Hacker News new | past | comments | ask | show | jobs | submit login
Find Files (Ff) – File Search Utility in Rust (github.com)
76 points by pvsukale3 56 days ago | hide | past | web | favorite | 78 comments

There's also fd[1], which is written in rust and is super fast.

[1] https://github.com/sharkdp/fd

I just did a little test. fd seems to be about 3 times as fast.

  Command      | Mean [ms]     | Min…Max [ms]
  `fd .conf /` | 525.6 ± 17.7  | 505.3…552.0
  `ff .conf /` | 1760.8 ± 10.2 | 1744.6…1775.3

Looking at the code, I believe because fd uses a loop, and ff uses function recursion to walk the path tree. Function recursion is easier to write, but definitely has some overhead.

My experience is that if you have to maintain your own stack (which you'd need to in order to recursively walk directories) its faster to use the builtin stack than to implement your own.
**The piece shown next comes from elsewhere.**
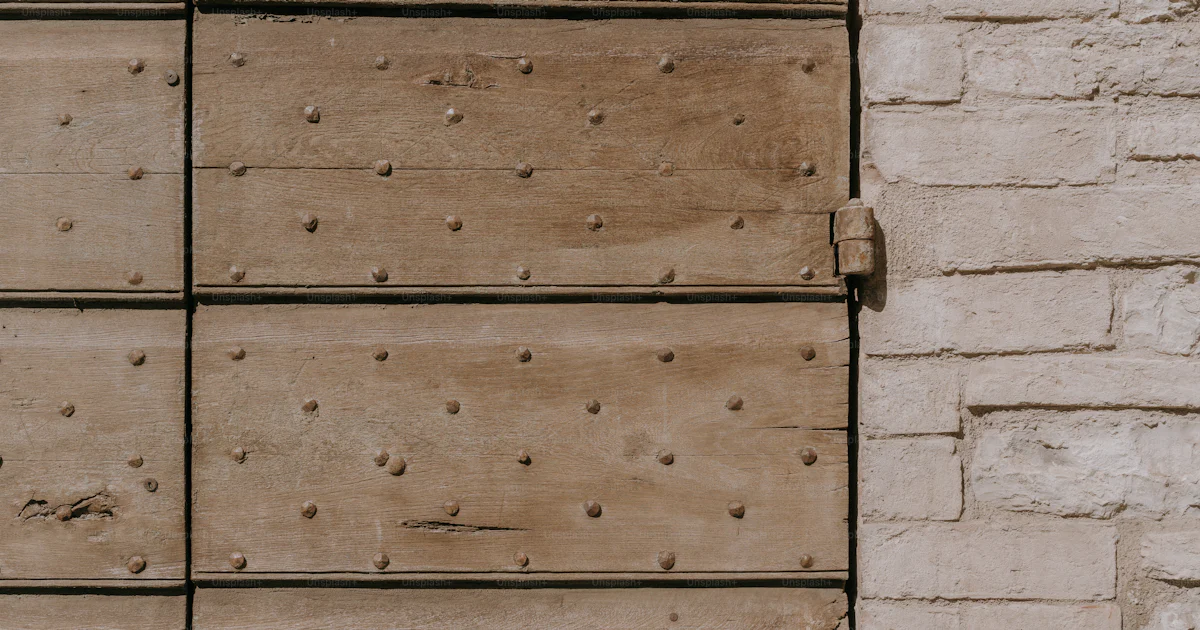 A white brick wall with holes in it photo – Wood Image on Unsplash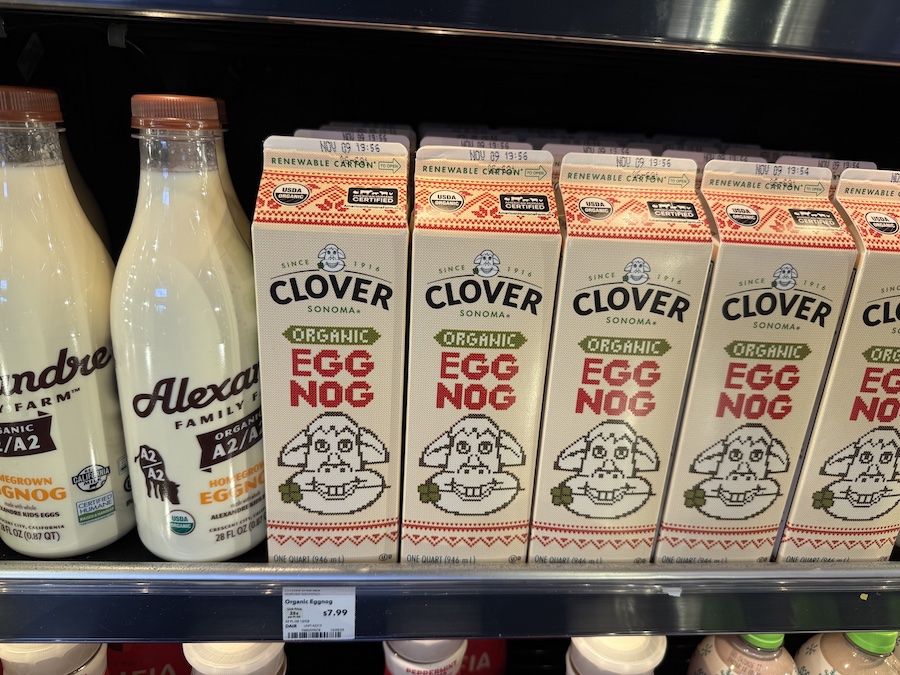 Bottles of Clover and Alexandre Family Farm eggnog neatly arranged in the refrigerated dairy section.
Further, it seems that this would IO-bound not CPU-bound so whatever small overhead exists in recursion vs iteration will not be noticeable.

I think the difference is rather that `fd` uses threads and `ff` does not.
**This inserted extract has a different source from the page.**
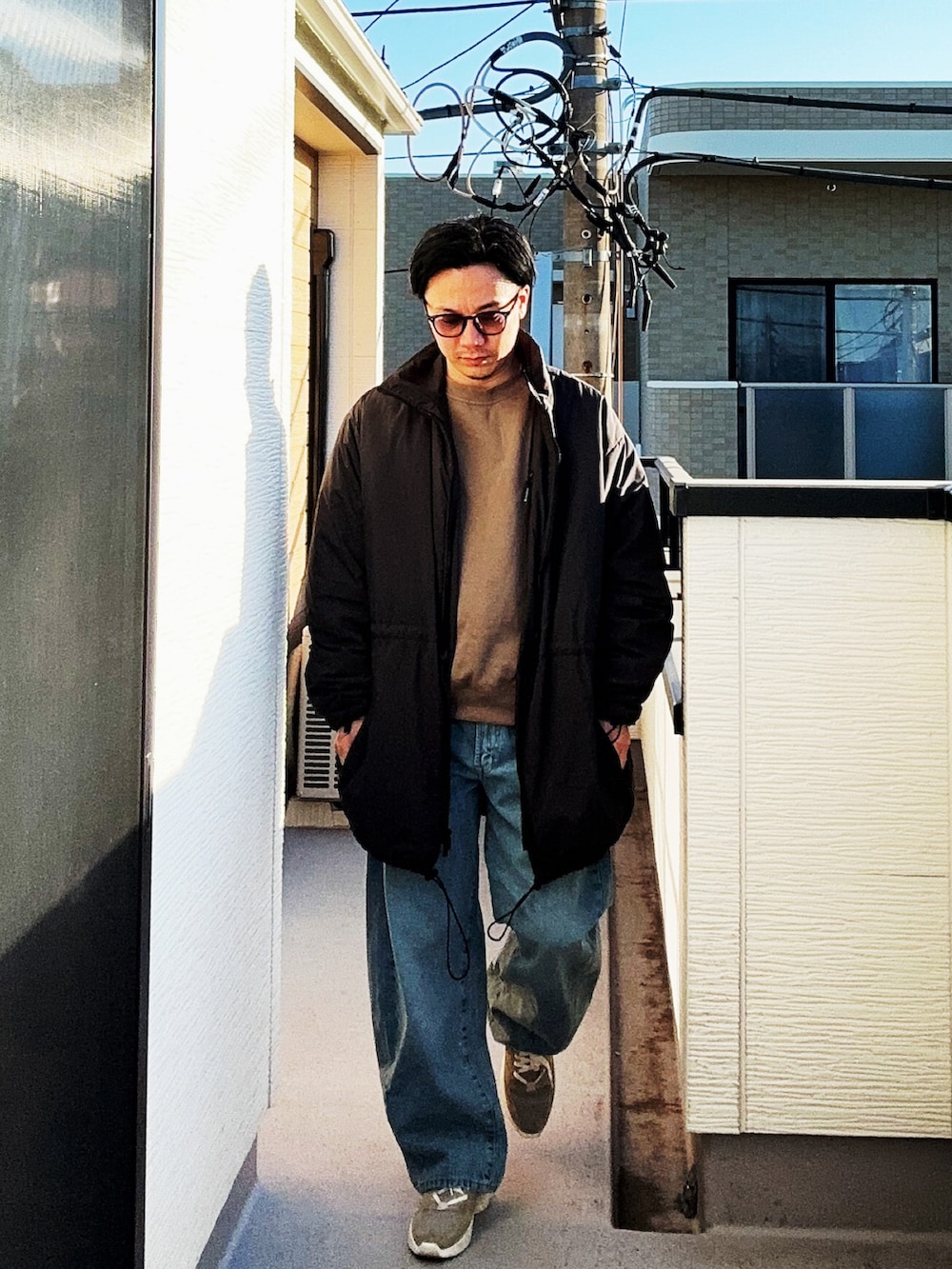 ベージュ系のスウェット、ブラック系のその他アウター、ブルー系のデニムパンツを着用したメンズの冬コーディネートの2枚目の写真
> `fd` uses threads and `ff` does not.

Author here. This is true. ff does not use threads right now. I have started learning Rust just a few days ago. I am not quite yet familiar with advanced topics such as achieving parallelism using threads in Rust and other similar stuff. My knowledge of Rust is limited at this moment and I struggled to get the language concepts to work such as ownership, lifetimes, etc. I am sure that I will be able to improvise the ff's performance by some extent by gaining some more knowledge of Rust.
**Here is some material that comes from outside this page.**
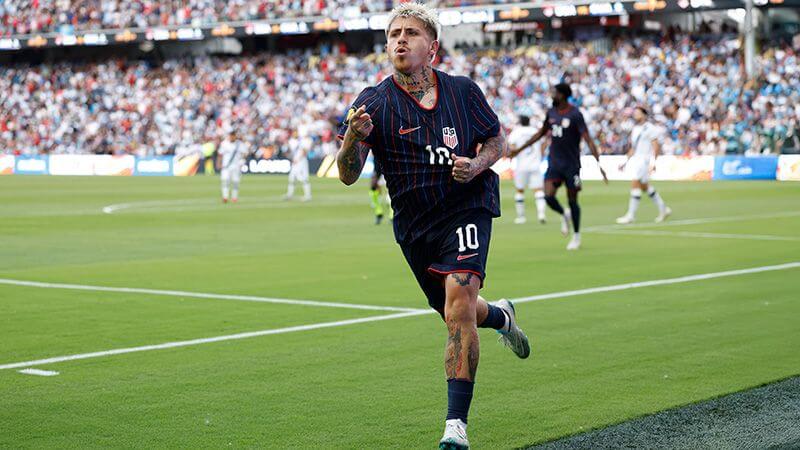 Diego Luna points his right index finger in celebration after his brace lifted the USMNT to the Gold Cup final with a 2-1 win over Guatemala on Wednesday. USA vs Guatemala has Luna lead Americans to Gold Cup final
UPDATE: Now ff also uses threads to achieve parallelism.

Author here. Slow behavior while searching through a large number of files is a known issue at this moment. I will definitely try to reduce it by some extent by immediately streaming to STDOUT (or to a non-TTY device if TTY is not STDOUT). Right now, the results are accumulated, filtered and then printed in one go.

Z (fast shell jump) and ripgrep + FZF are among my favorite niceties. Not essencial, but so much more joyful to use.

yes I use fd which is fast and great, along with 'rg' for grepping, both by the same author using rust.

hope someone can produce a C version of them for fun

fd wasn't written by me. :-)

The C version of ripgrep is the thing that came before ripgrep, The Silver Searcher.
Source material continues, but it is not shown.